Hooligan Hefs performed in Brisbane on Friday.
That’s a big deal. It should not be taken for granted. Only recently, fellow drill act ONEFOUR announced the cancellation of their debut national tour. The cancellation was allegedly the result of an ongoing campaign of censorship by police across the country. At the centre of the campaign is Strike Force Imbara. The force is tasked with the investigation of anti-social behaviour of street-level criminal networks in Western Sydney. Ostensibly, it has targeted drill music as those involved are suspected to engage in such behaviour. In practice, it’s meant that young disenfranchised men have been deprived of a legitimate source of income. Thankfully, Hooligan Hefs has been allowed to make a living, at least so far.
Hooligan Hefs is an Australia rapper of Chinese and Samoan descent. His music fuses elements of drill and EDM. It’s as indebted to Harlem Spartans as it is to Hardwell. It’s a unique mix that could only have been born out of the melting pot that is Western Sydney.

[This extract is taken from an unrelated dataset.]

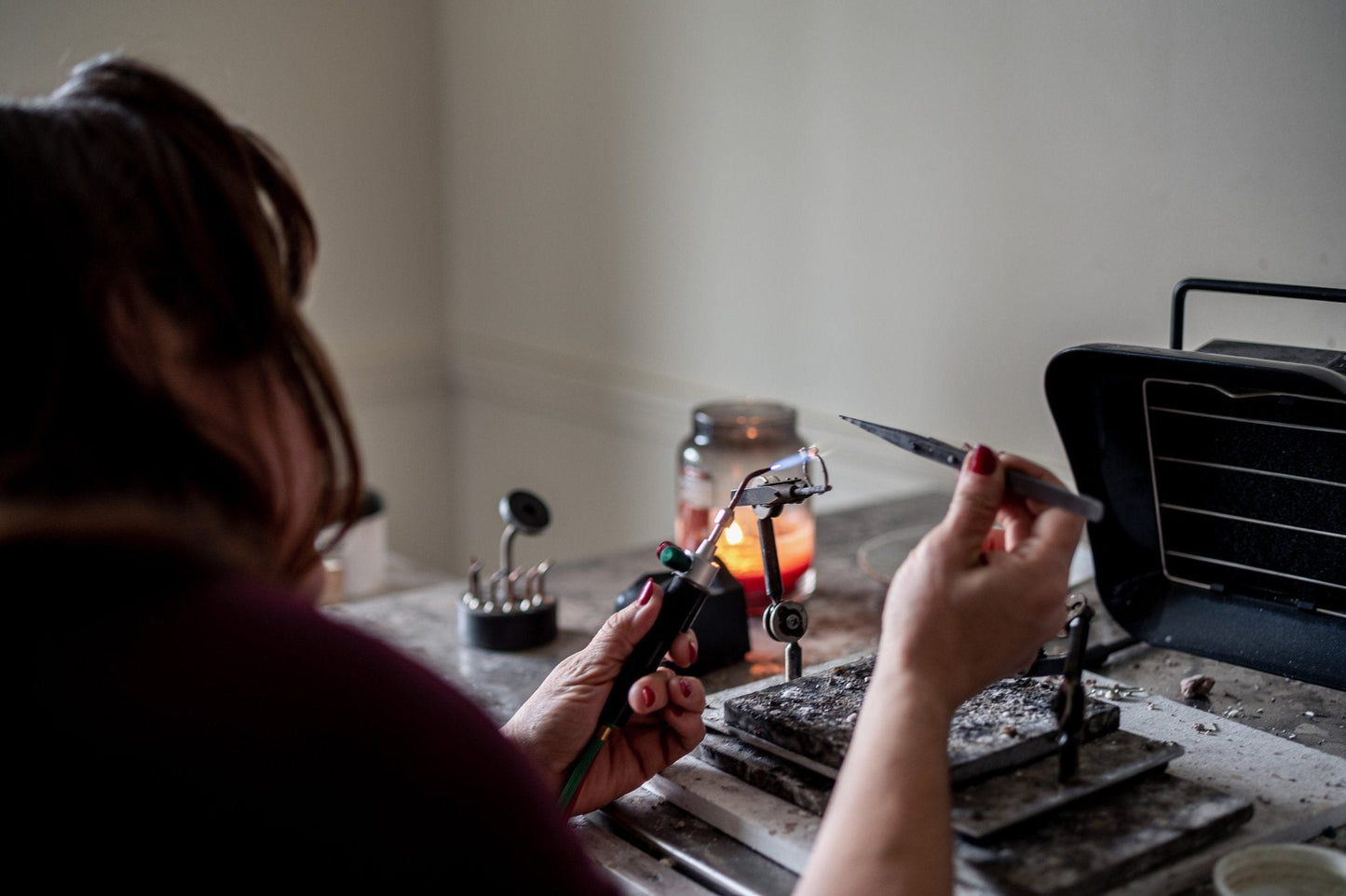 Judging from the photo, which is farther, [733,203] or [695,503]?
[733,203]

His show at The Zoo was a celebration of the new wave of Australian rap. Local rappers Hooks and DAY1 each performed a short energetic opening set. DJ S.Y. Orosa’s DJ set fittingly featured UK drill, EDM and American trap records.
Hooligan Hefs eventually took the stage flanked by members of his entourage. They danced, took turns to shout the lyrics. Many were topless. It was not a professional performance but it was a hell of a lot of fun. It was a celebratory and jubilant. It reminded me of the early drill performances in Chicago.
Young men, not professional musicians, just happy to have made it. Happy to celebrate and to perform their work to an enthusiastic crowd. And the crowd was enthusiastic. Hooligan Hefs has only released four songs on official streaming services. But his fans know every word to these songs, they know every word to his feature verses and they know every word to the loose freestyles that the rapper has uploaded to YouTube.
Part way through the set, Hooligan Hefs brought out local rapper Nerve to perform their remix to UK rapper Aitch’s ‘Taste (Make It Shake)’.Nerve’s feature verse ends with the couplet:
If they telling you I ain't one of the best, that's a lie
Straight from Manny out to Aussie I'm a legend till I die
For that final bar, the DJ dropped the instrumental and Nerve held his microphone out to the crowd. As the crowd shouted “Straight from Manny out to Aussie”, it was clear that they had a real sense of pride in this new wave of Australian rappers. Australian rappers which, unlike many before them, are seeing international recognition.
Australian drill is on the cusp of mainstream success. If you want to see a young rapper about to break through to an international audience, see Hooligan Hefs. You will not regret it.